When something as fundamental as policing is used as a political gambit, it is the community who is held hostage to negotiation. One of the most frustrating aspects of the negotiations of the peace process for those who are not participants in the talks but who must live with the results of them is the lack of any substantial movement or change on the basic, common sense issues. Policing is but one example of this, and the need for decent, accountable policing is a need deeply felt in all communities, despite any political or cultural divide.
There is nothing radical in demanding a just police force, that acts as a neutral arbitrator of the law; a police force that is accountable to the people it serves and whose standard operating procedure is transparent. There is nothing radical in wanting to feel safe in one's own neighbourhood, to have the confidence that nothing untoward will happen to one's self. There is nothing outrageous or over the top in wanting the security of knowing there is someone to be called and relied upon, who will be fair and consistent, when trouble does arise.

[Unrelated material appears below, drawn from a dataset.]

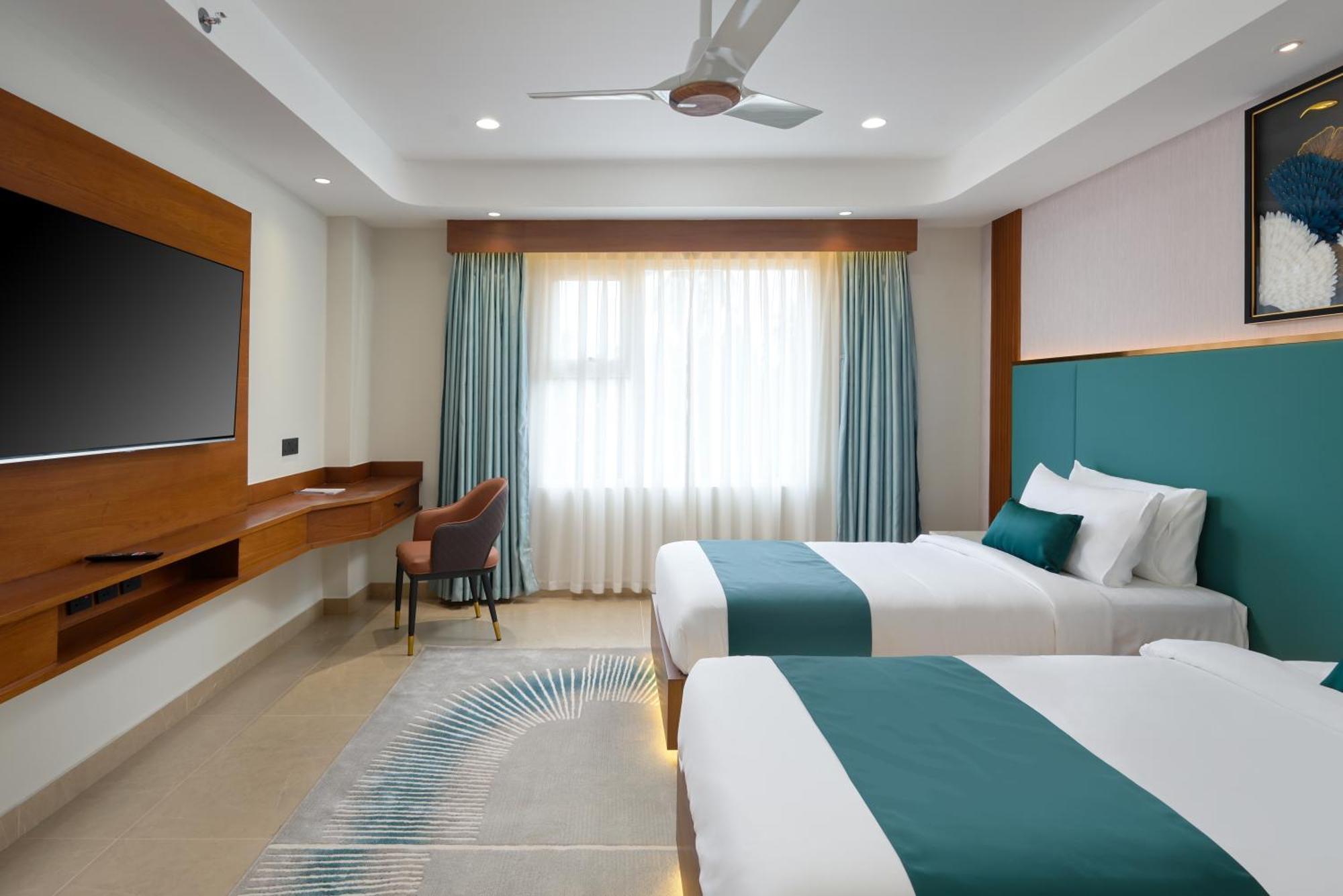 Kowju Airport Hotel Calicut Kondotty ภายนอก รูปภาพ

And yet, we, the ordinary people who live in the ghettos of Belfast are told that it is too much to deliver. That it is too controversial. Things such as what symbol goes on top of a hat that may or may not be worn are of much more importance, and must be fought over tooth and nail before anything such as actually allowing the police to do the job expected of them for all the people they are meant to protect and serve gets talked about! I imagine that for those people who have signed up to join the police out of a desire to see justice protected and upheld, to serve their community, and who believe in the rule of law must be just as frustrated with all the political dickering going on as those who must suffer without any sort of police service at all. It is not as though creating a police force that operates in peacetime and does not serve as an auxiliary to the war is rocket science, or without precedent or examples from across the world of how good police forces work, and how bad ones don't.
As the times here have evolved and changed throughout the peace process, so too has the role of the police. The ironic part is that the needs of the people have stayed constant throughout. It is time to stop making the police a tool of the state, an arm of repression, an instrument of terror and intimidation, and to get down to the business of creating a police force that all of the people they protect and serve can have confidence in.
Without a police force that the people whom they serve have confidence in, too many social ills run rampant. We see that in the increase in our neighbourhoods of hoods and thugs and joyriders and drugs; we see that in a generation of children who have no respect whatsoever for any sort of authority, and little concept of why they should respect it at all. Until we get our act together, and hold our politicians accountable for representing us outside the remit of political point scoring and actually delivering on our basic needs, we have little hope of ever enjoying a fair and accountable police force for all.
That unfortunately does not augur much hope for the future or the peace process. Time will tell.